» Exercise directions:
Without pictures, return the lines from the one containing "Storeyed house for sale in Kitende Wakiso" through the last line of the data below, exactly.

» Source material:
------------------------------

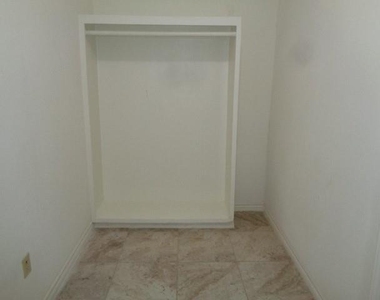 21722 Tophill Drive - Photo Thumbnail 14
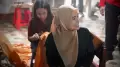 Intip Momen Siti Atikoh Membatik di Semarang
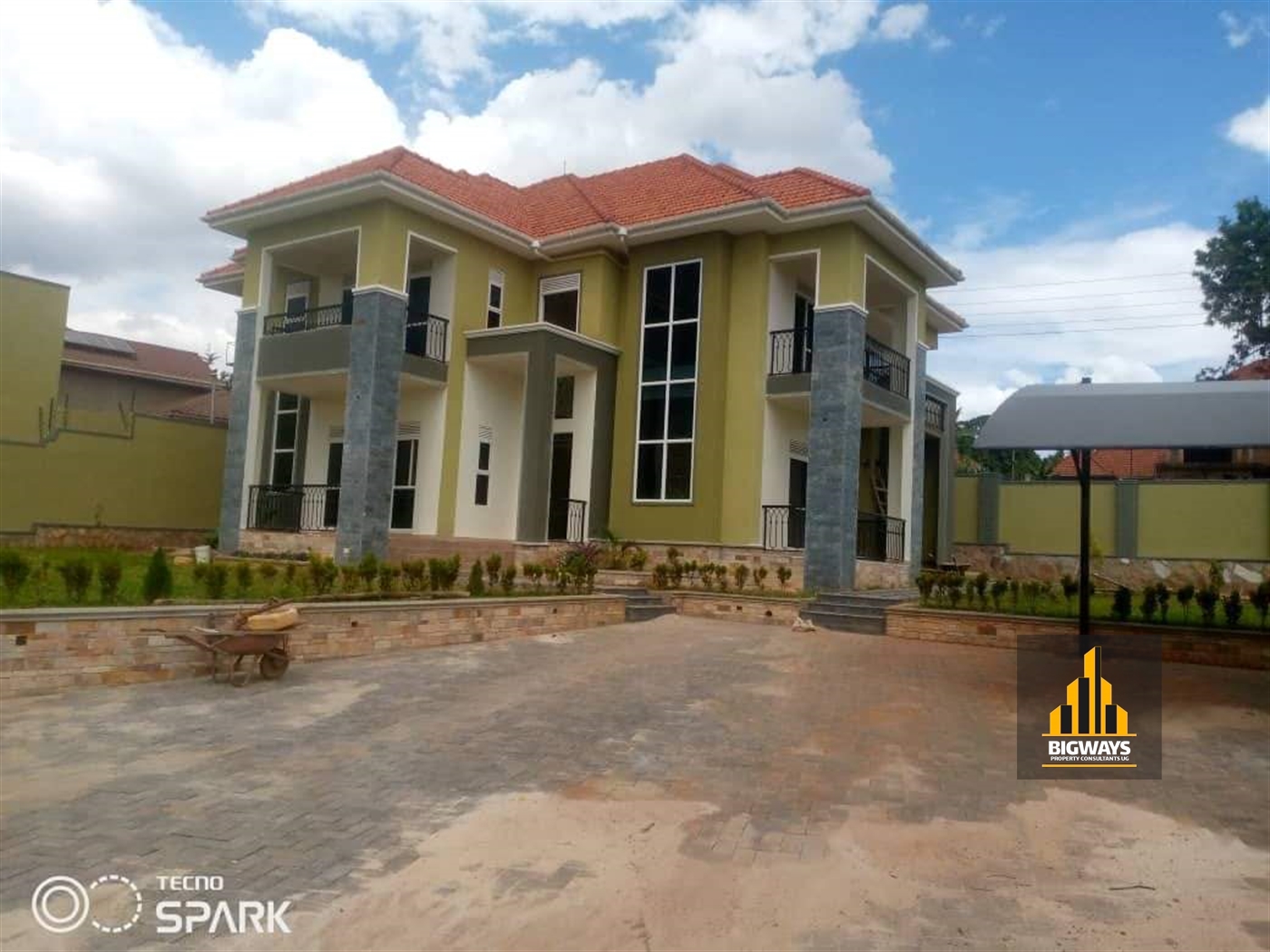 Storeyed house for sale in Kitende Wakiso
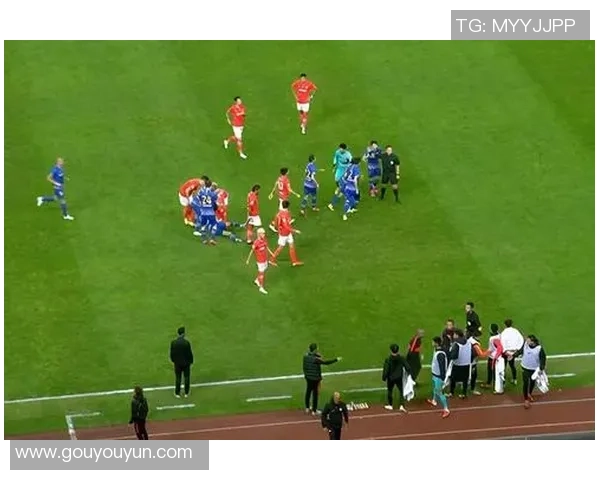 友谊赛莱比锡与曼联战平争议判罚引发全场热议 友谊赛莱比锡与曼联战平争议判罚引发全场热议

------------------------------

» Result of this task:
 Storeyed house for sale in Kitende Wakiso
 友谊赛莱比锡与曼联战平争议判罚引发全场热议 友谊赛莱比锡与曼联战平争议判罚引发全场热议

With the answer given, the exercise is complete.